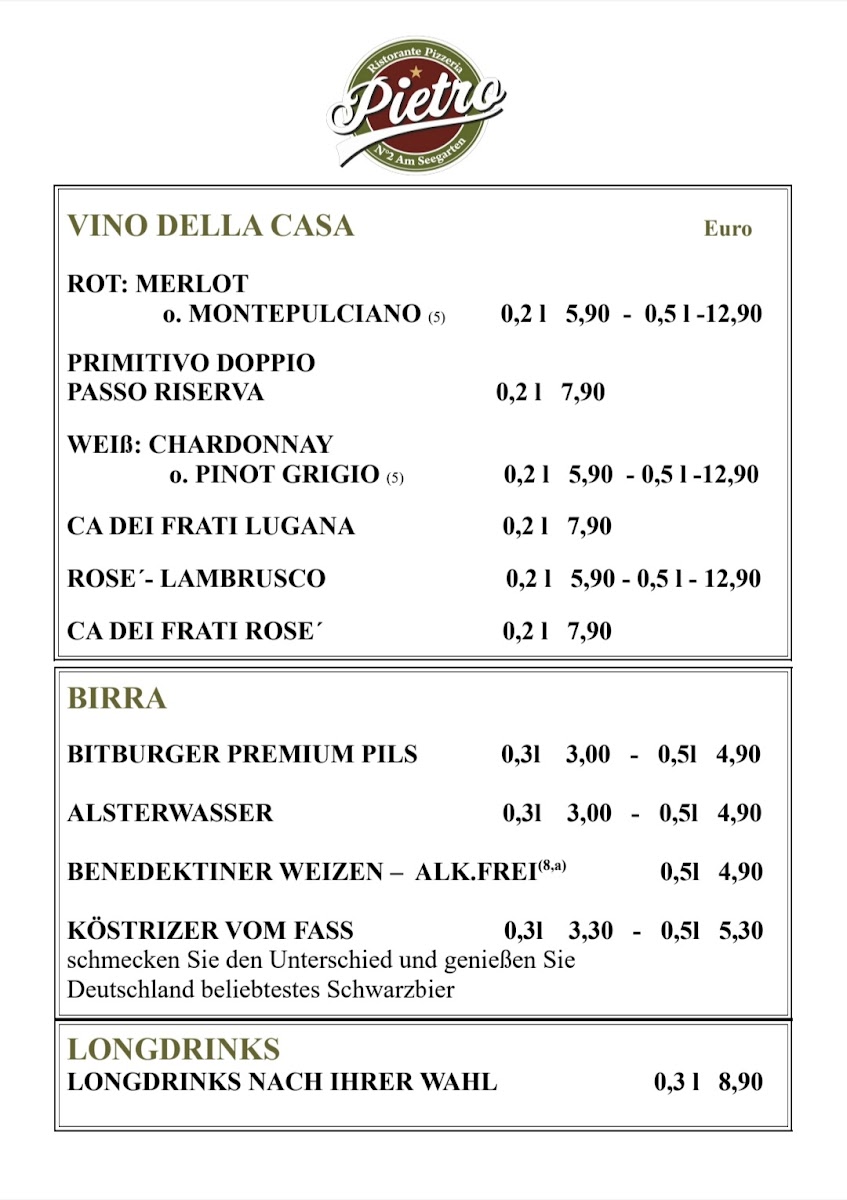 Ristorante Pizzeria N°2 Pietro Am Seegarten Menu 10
══════════════════════════════
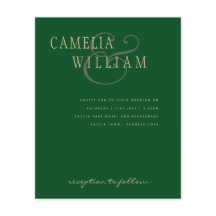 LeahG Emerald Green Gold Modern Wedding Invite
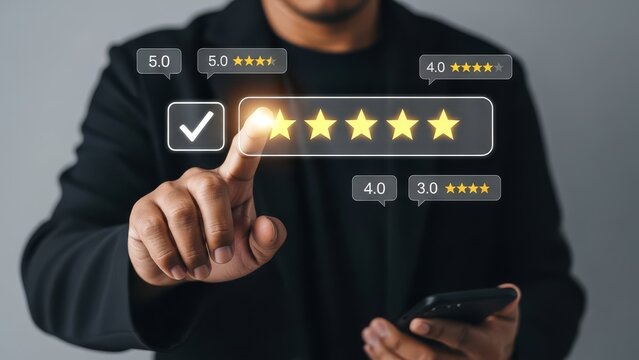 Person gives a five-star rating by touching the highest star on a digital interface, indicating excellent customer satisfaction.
══════════════════════════════
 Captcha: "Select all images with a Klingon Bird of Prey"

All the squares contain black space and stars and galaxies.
══════════════════════════════
Your assignment
Start at the line containing "LeahG Emerald Green" above and stop at the line containing "Person gives a". Output those lines exactly, both included, but none of the pictures.

The answer
 LeahG Emerald Green Gold Modern Wedding Invite
 Person gives a five-star rating by touching the highest star on a digital interface, indicating excellent customer satisfaction.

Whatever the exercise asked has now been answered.